*** Begin section ***

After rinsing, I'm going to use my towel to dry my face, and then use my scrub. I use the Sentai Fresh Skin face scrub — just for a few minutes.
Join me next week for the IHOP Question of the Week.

*** End section ***
*** Begin section ***

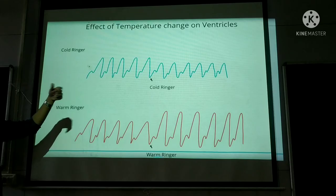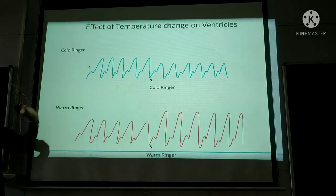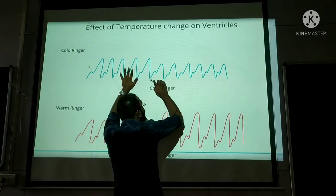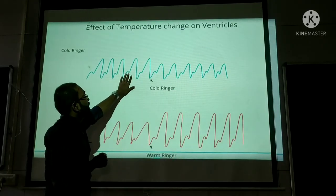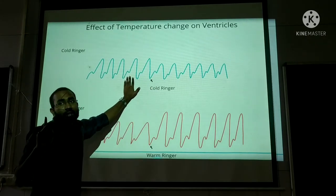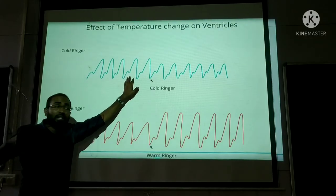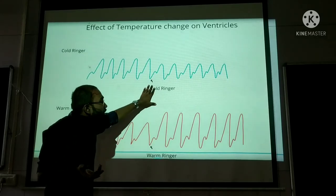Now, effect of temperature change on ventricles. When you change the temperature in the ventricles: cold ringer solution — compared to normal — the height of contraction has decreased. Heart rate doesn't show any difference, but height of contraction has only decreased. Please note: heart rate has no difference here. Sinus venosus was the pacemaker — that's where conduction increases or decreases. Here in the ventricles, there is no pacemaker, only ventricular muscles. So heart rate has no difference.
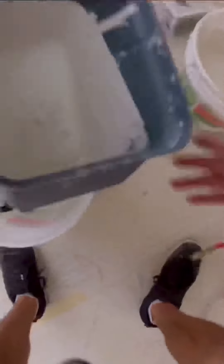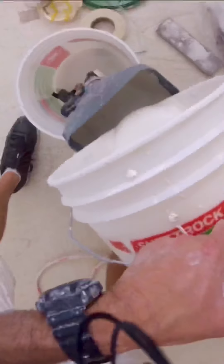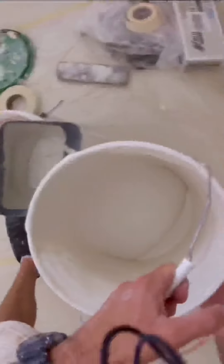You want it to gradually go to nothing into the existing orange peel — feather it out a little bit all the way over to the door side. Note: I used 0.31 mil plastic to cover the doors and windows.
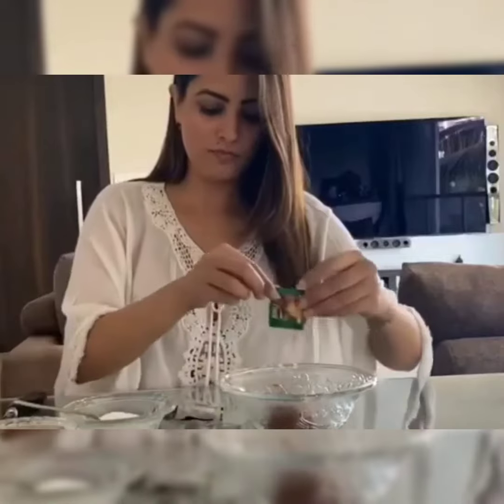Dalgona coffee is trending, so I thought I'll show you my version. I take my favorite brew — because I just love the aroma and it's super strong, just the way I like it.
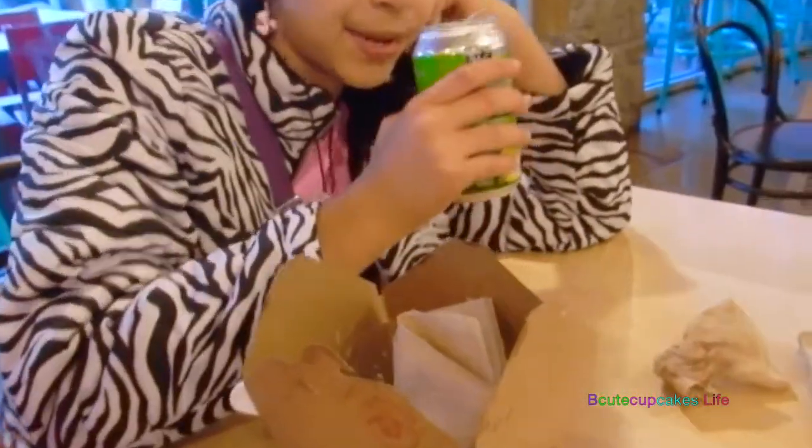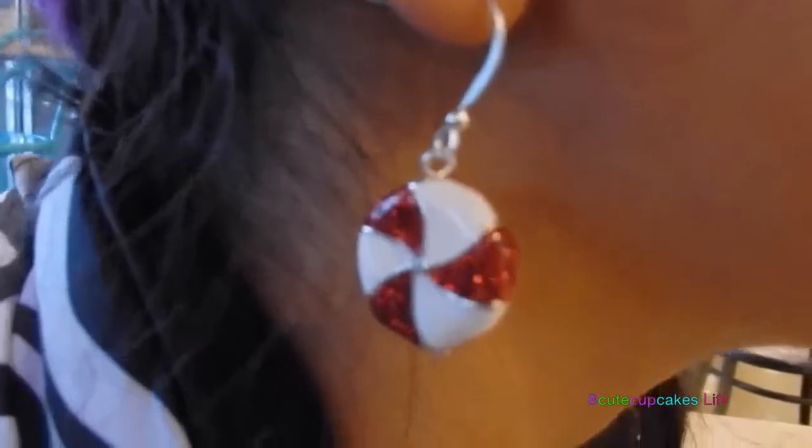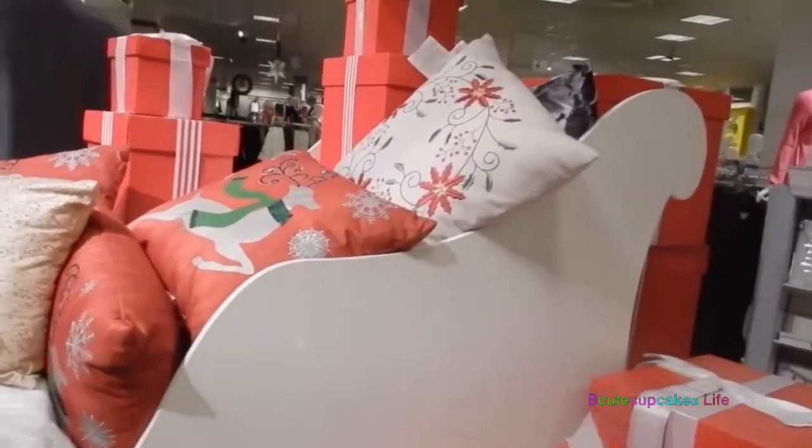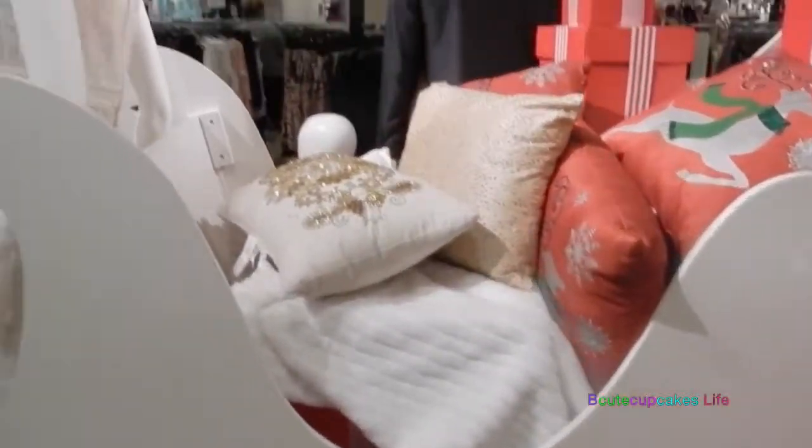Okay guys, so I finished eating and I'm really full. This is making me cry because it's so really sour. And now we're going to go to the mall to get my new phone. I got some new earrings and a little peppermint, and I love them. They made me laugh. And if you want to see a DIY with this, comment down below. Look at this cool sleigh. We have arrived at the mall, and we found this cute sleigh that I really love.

*** End section ***

TASK BRIEF:
Copy exactly the lines of the listing above between the one holding "You want it" and the one holding "Okay guys, so", inclusive; omit all pictures.

ANSWER SECTION:
You want it to gradually go to nothing into the existing orange peel — feather it out a little bit all the way over to the door side. Note: I used 0.31 mil plastic to cover the doors and windows.
Dalgona coffee is trending, so I thought I'll show you my version. I take my favorite brew — because I just love the aroma and it's super strong, just the way I like it.
Okay guys, so I finished eating and I'm really full. This is making me cry because it's so really sour. And now we're going to go to the mall to get my new phone. I got some new earrings and a little peppermint, and I love them. They made me laugh. And if you want to see a DIY with this, comment down below. Look at this cool sleigh. We have arrived at the mall, and we found this cute sleigh that I really love.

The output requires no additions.